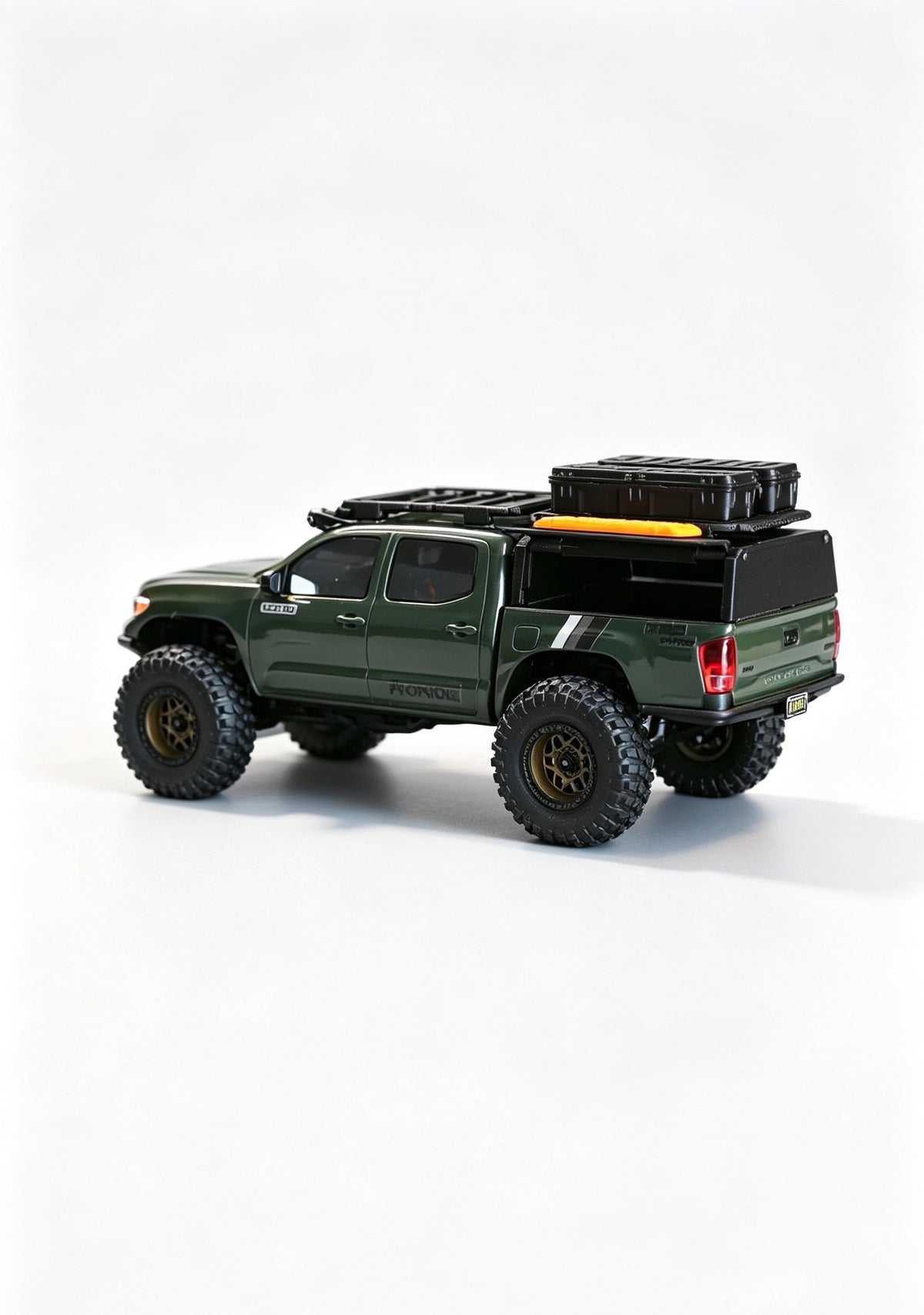 Hobbydetails 1/30 Toyota Classic UV Sticker/Topper Camper Shell/Body Mount Tire Wheel Set  for SCX30 Tacoma Cars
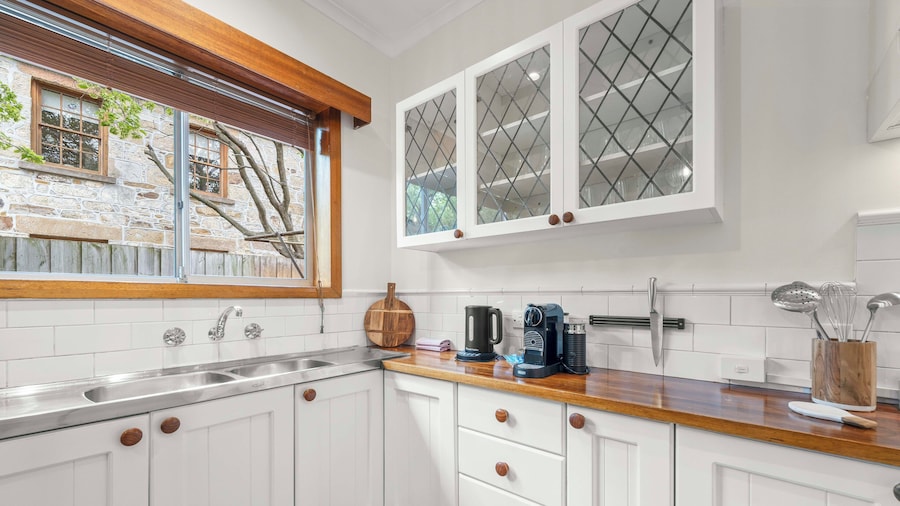 Stylish 3 Bedroom Townhouse - Hobart CBD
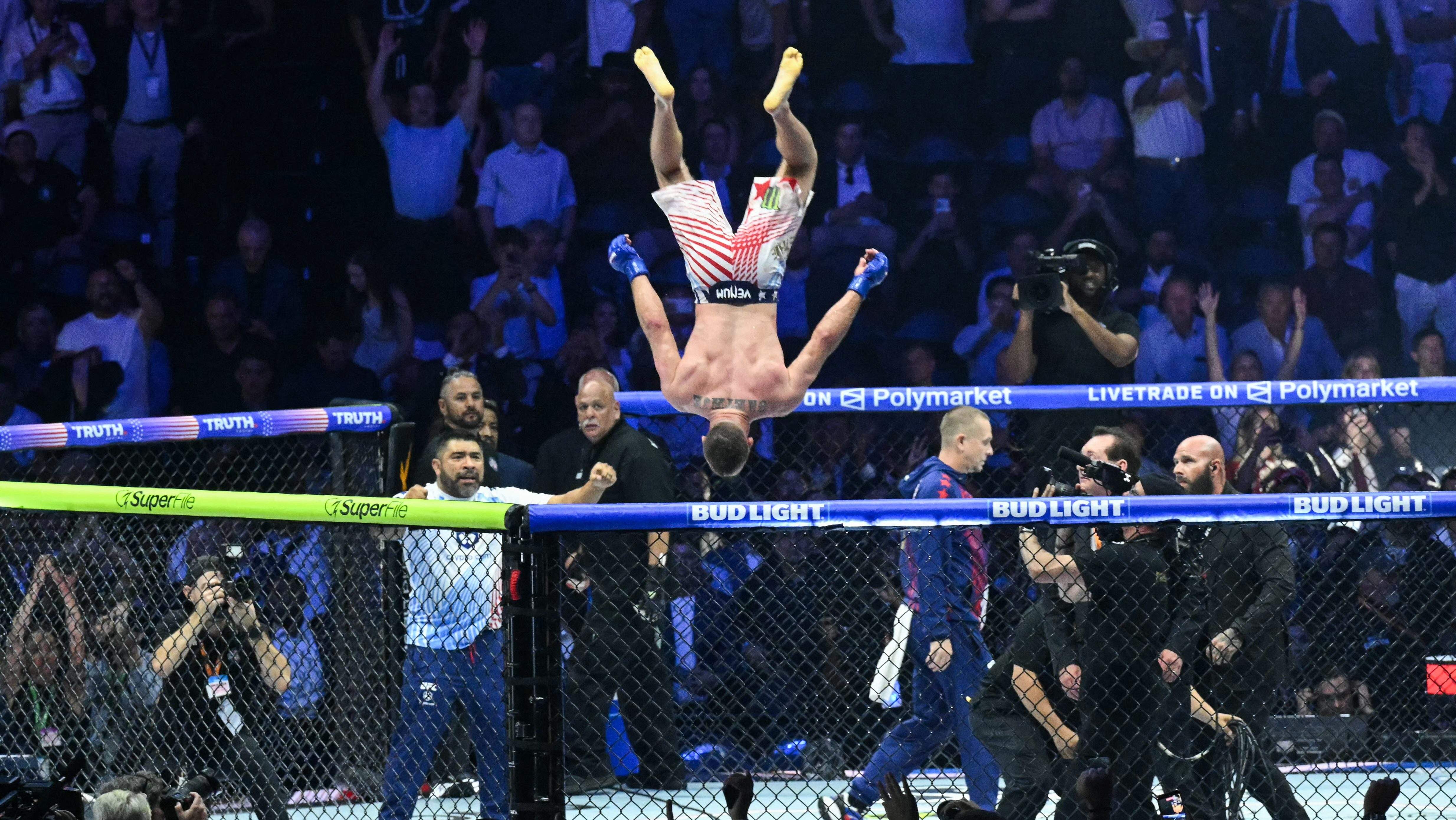 Justin Gaethje nokautuje Ilię Topurię. Sensacja w Las Vegas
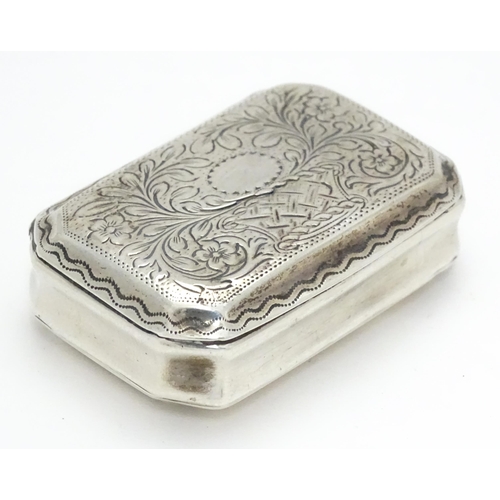 323 - A George IV silver snuff box with engraved decoration hallmarked Birmingham 1820, maker Thomas Bettr... 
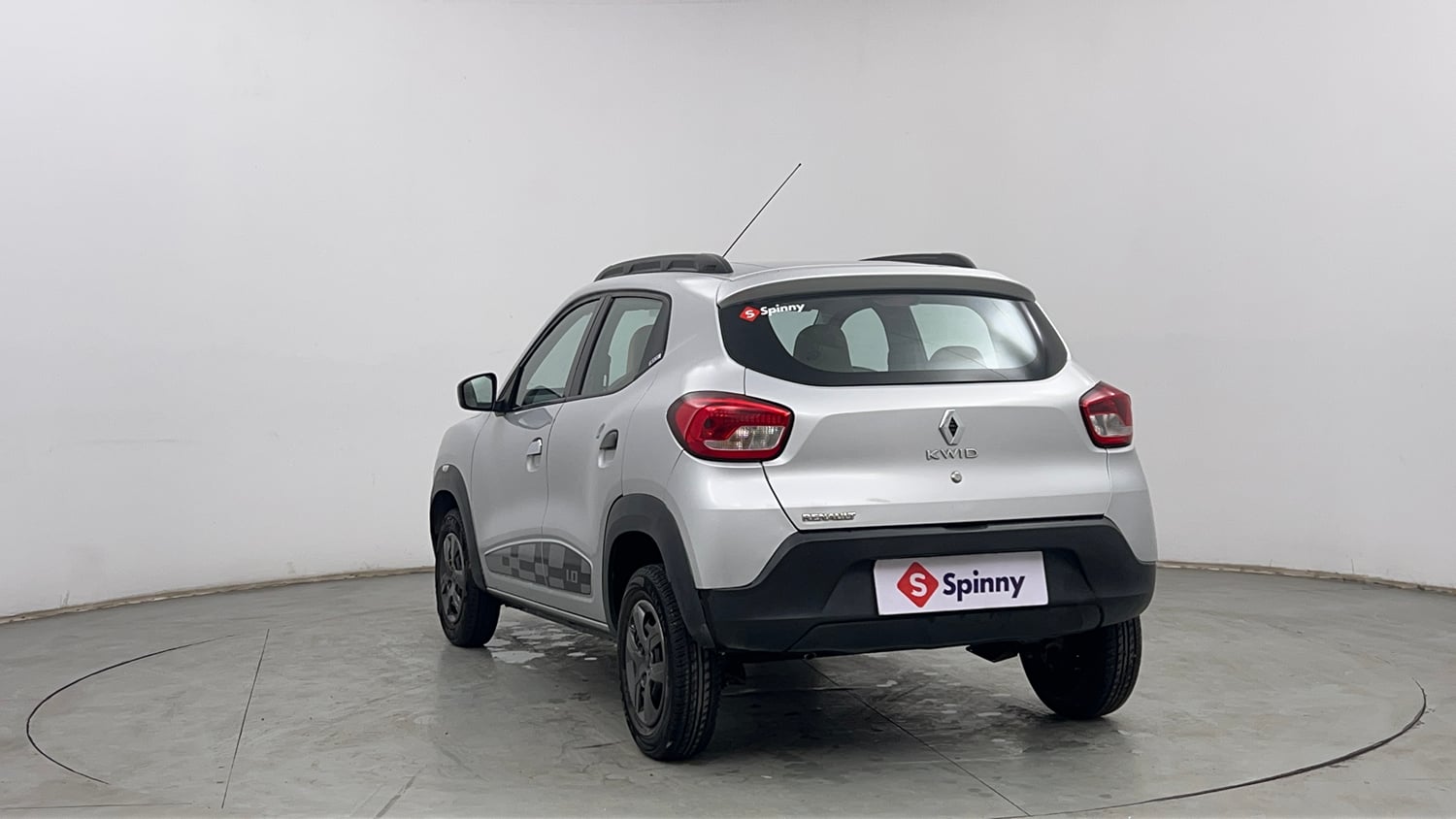 Used 2018 Renault Kwid 1.0 RXT Petrol Manual exterior LEFT REAR CORNER VIEW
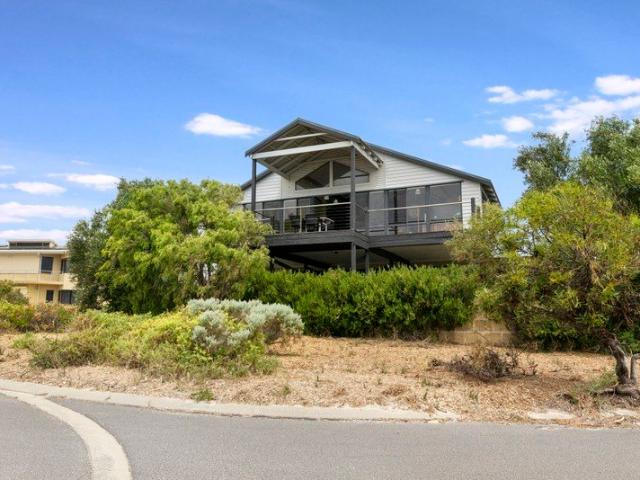 Fully furnished beach house vibes amongst the bush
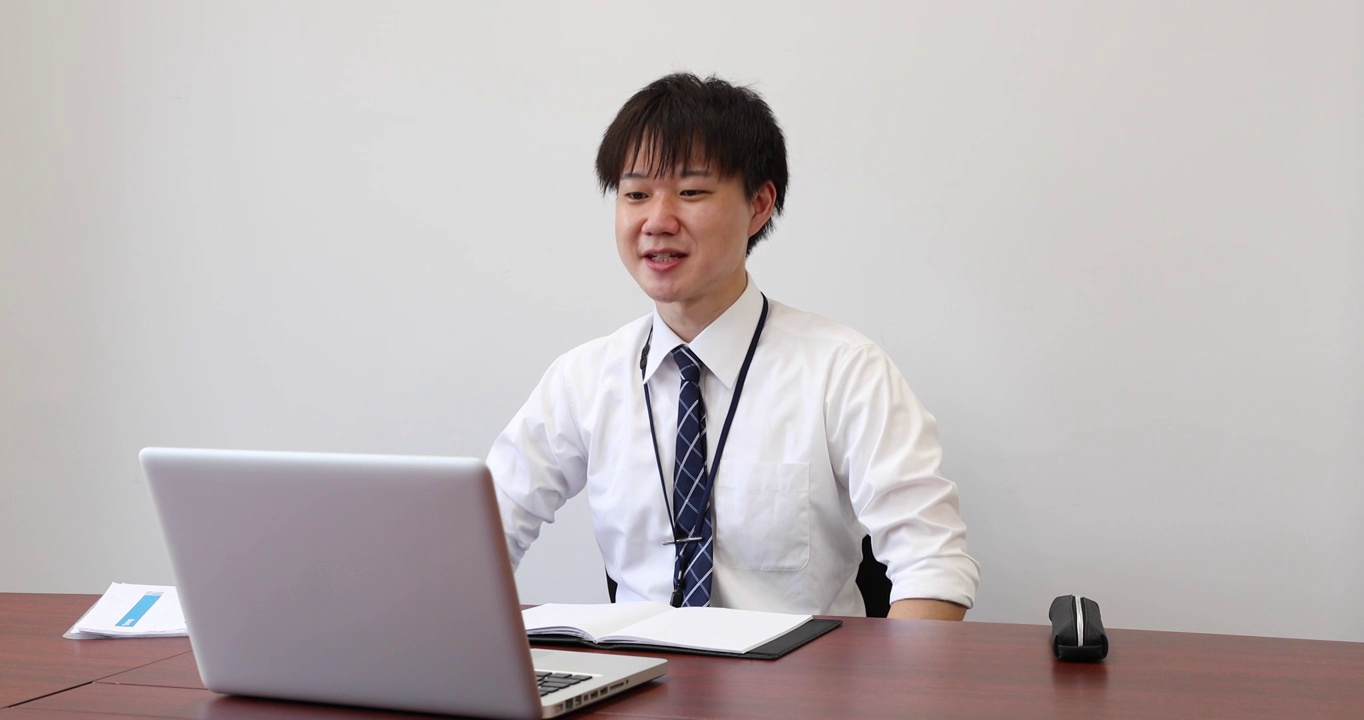 远程会议的日本年轻商人视频下载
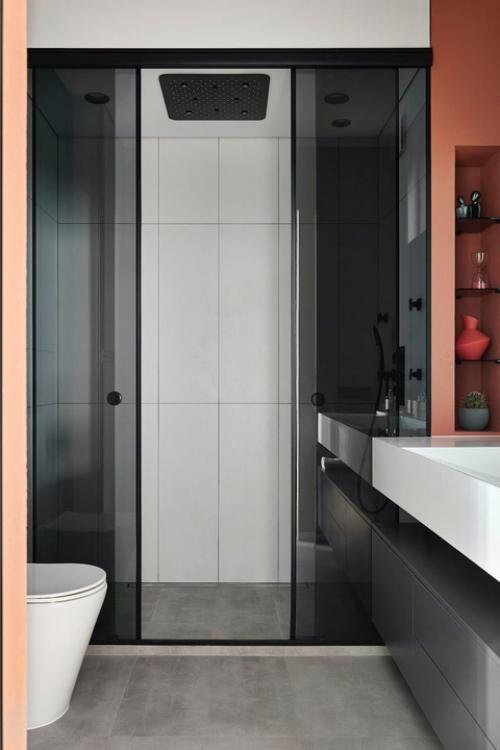 Реализованный интерьер монохромной квартиры, площадью 62 кв. 02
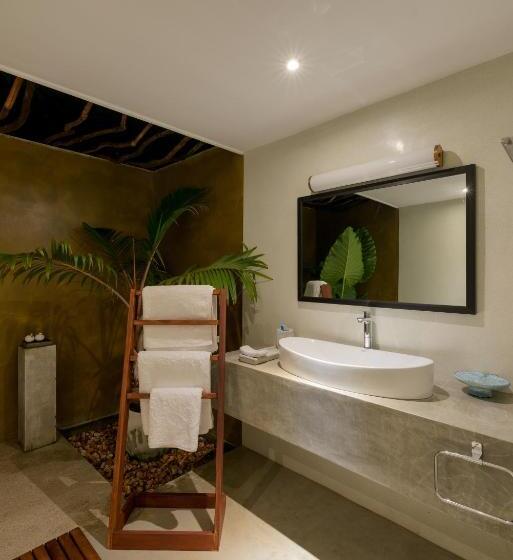 套房, Stuthi Villa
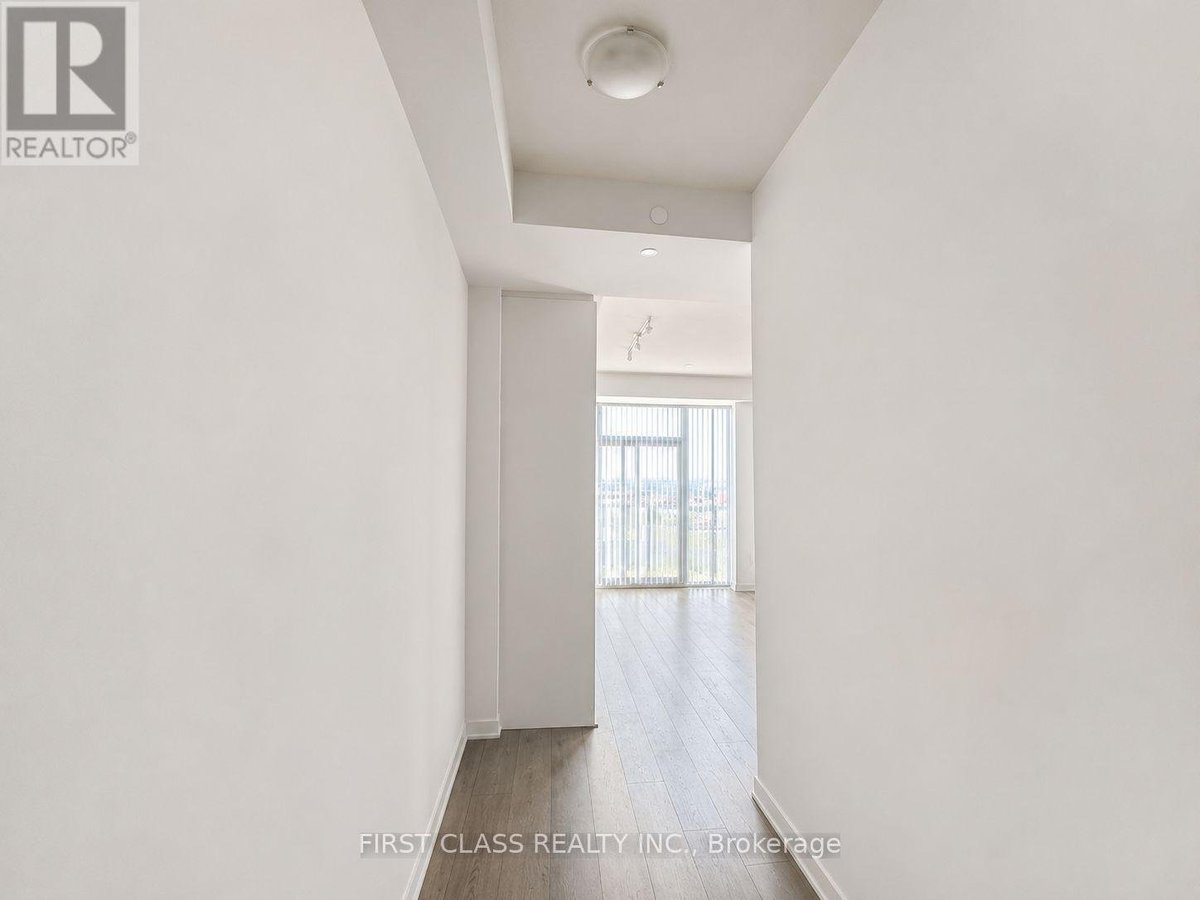 1017 - 60 HONEYCRISP CRESCENT - Photo 4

# # # #

What you should do: Retype all entries exactly as they appear, dropping the images.

Solution to the problem:
 Hobbydetails 1/30 Toyota Classic UV Sticker/Topper Camper Shell/Body Mount Tire Wheel Set  for SCX30 Tacoma Cars
 Stylish 3 Bedroom Townhouse - Hobart CBD
 Justin Gaethje nokautuje Ilię Topurię. Sensacja w Las Vegas
 323 - A George IV silver snuff box with engraved decoration hallmarked Birmingham 1820, maker Thomas Bettr... 
 Used 2018 Renault Kwid 1.0 RXT Petrol Manual exterior LEFT REAR CORNER VIEW
 Fully furnished beach house vibes amongst the bush
 远程会议的日本年轻商人视频下载
 Реализованный интерьер монохромной квартиры, площадью 62 кв. 02
 套房, Stuthi Villa
 1017 - 60 HONEYCRISP CRESCENT - Photo 4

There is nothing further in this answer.